Yesterday was St. Patrick’s Day, but one of the chief takeaways from his life can be appreciated every day of the year. From this fifth century saint, we see the transforming power of suffering at work. I admit it sounds a bit off to uphold suffering as a good, especially nowadays, when we run from pain in all its forms. But Patrick’s life is a story that only makes sense if we grant suffering’s essential part in the plot. And though it might seem inconceivable for now, our own suffering has the capacity to make our life stories much, much greater than they would be otherwise.
Often, we consider suffering to be a complete waste—a damper on our pursuit of success, pleasure, and overall well-being. There is even a modern tendency in some Christian circles to view suffering as a curse from God. If you’re really a true believer, God will bless you with material prosperity and good health, so the thought goes.
Well, the Christian faith couldn’t be more opposite. The Christian is expected to “take up” one’s “cross” and follow Jesus (Matt. 16:24). There is no guarantee of an easy life. St. Paul didn’t have it easy. Neither did St. Peter—both founding the church of Rome when their own blood. According to tradition, most of the other Apostles were killed for their faith as well. Mary, the first and closest disciple, had to endure watching her son mocked, falsely accused, tortured, and murdered. If you were Pope in the early 200s, chances are you’d be martyred.

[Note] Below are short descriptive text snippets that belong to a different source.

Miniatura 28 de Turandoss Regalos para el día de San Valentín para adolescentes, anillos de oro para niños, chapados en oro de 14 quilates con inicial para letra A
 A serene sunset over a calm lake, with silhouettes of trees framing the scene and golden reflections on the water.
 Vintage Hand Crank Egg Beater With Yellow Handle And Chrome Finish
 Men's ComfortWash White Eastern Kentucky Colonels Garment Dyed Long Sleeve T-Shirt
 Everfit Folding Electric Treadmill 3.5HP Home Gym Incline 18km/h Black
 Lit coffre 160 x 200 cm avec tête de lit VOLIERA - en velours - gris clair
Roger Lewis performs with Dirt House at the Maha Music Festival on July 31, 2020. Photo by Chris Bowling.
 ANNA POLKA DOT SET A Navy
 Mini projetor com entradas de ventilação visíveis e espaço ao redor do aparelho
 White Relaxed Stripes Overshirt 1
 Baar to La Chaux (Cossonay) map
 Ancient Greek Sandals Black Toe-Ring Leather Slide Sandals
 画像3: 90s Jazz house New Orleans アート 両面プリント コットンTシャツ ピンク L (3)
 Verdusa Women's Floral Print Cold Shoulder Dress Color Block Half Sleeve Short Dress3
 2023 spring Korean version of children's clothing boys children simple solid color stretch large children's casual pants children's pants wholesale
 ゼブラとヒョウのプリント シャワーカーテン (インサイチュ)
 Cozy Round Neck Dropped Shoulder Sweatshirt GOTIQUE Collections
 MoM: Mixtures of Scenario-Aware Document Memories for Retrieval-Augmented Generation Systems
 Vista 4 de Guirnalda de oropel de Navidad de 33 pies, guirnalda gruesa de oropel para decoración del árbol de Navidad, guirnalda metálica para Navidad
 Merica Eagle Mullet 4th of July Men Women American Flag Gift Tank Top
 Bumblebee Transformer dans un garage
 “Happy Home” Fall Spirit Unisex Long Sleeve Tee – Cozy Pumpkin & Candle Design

Sounds a bit gloomy. After all, how could suffering be part of a good God’s plan? While suffering is inevitable, for the Christian, suffering is not the end of the story. Instead, it is able to act as a springboard to relationship with God and the ultimate good of the human person.
Let’s examine St. Patrick as a case in point.
In his youth, St. Patrick was not a serious Christian. He apparently had a well-to-do family and probably saw no real need for God. He admits to having committed some serious offense when he was fifteen, which some have speculated to be participation in a pagan ritual—something seriously opposed to by the minority Christian population in Roman Britain, his homeland. Or it may been a sexual encounter. Regardless, he admits that he was a lost soul, with no faith in God.
But that all changed. At the age of sixteen, Patrick was taken captive by pirates, brought to Ireland, and sold into slavery. Can you imagine? And for six years! He was tossed into the worst of conditions—far from home, under the whim of nature’s harshness, and with little hope. Naturally, such conditions shook him up, and he fell back on the only thing he had—the faith of his youth.
More and more, Patrick began to pray, even “as many as a hundred prayers” per day, wherever he was, and in whatever condition—“through snow, through frost, and through rain.” Patrick relied on God, who began to transform him:
And there the Lord opened the sense of my unbelief that I might at last remember my sins and be converted with all my heart to the Lord my God, who had regard for my abjection, and mercy on my youth and ignorance, and watched over me before I knew Him, and before I was able to distinguish between good and evil, and guarded me, and comforted me as would a father his son.” – The Confession of St. Patrick
After six years of slavery, Patrick was able to escape back home on a ship. Before long, however, he felt called back to minister to the Irish people. Eventually, he was ordained a bishop and left for Ireland around the year 430.
The Christian population in Ireland had been small, perhaps confined to a single community. But by the time of his death in the mid-400s, the peoples of Ireland had largely converted to Christ. The humble bishop was not without trial, as he often conflicted with the Druid pagans. His life was at stake on multiple occasions. But Patrick was an impressive presence. He baptized tens of thousands, ordained priests, set up hundreds of churches, and even convinced many to become monks and nuns.
St. Patrick’s influence cannot be undervalued. His missionary activities were so extensive that he has become known as the “Apostle to Ireland.” Monastic communities were set up throughout, and through Irish missionaries, other lands would be gathered into the Christian fold.
But could there ever have been a Saint Patrick without those six formative years as a slave? Would Patrick ever have reached out to God if he had not experienced hardship? Would he have turned to prayer and the faith of his upbringing if he had not lost everything?
I’m willing to bet no. Sure, God could have converted Patrick and used him in some other way. But would he have dedicated himself to a life of intense missionary work? Probably not. Would he have lived a life of extraordinary holiness, performed hundreds of miracles, and converted an entire land? Eh, nah.
The story of Patrick expresses how God likes to work. Make no mistake: God doesn’t wish ill on anybody. But He desires to redeem our suffering. God seeks to bring a resurrection out of every cross. This way is not restricted to the holiest of saints. We can find evidence of it in our own lives. How often have we fled to God, deepened our prayer life, and searched for life’s answers—only after we have suffered in some way!
We can’t always see God at work on this side of Heaven. Sometimes it makes us frustrated and even angry with God. But we can trust that God will make use of our suffering for the good, so long as we let him—just like Patrick did.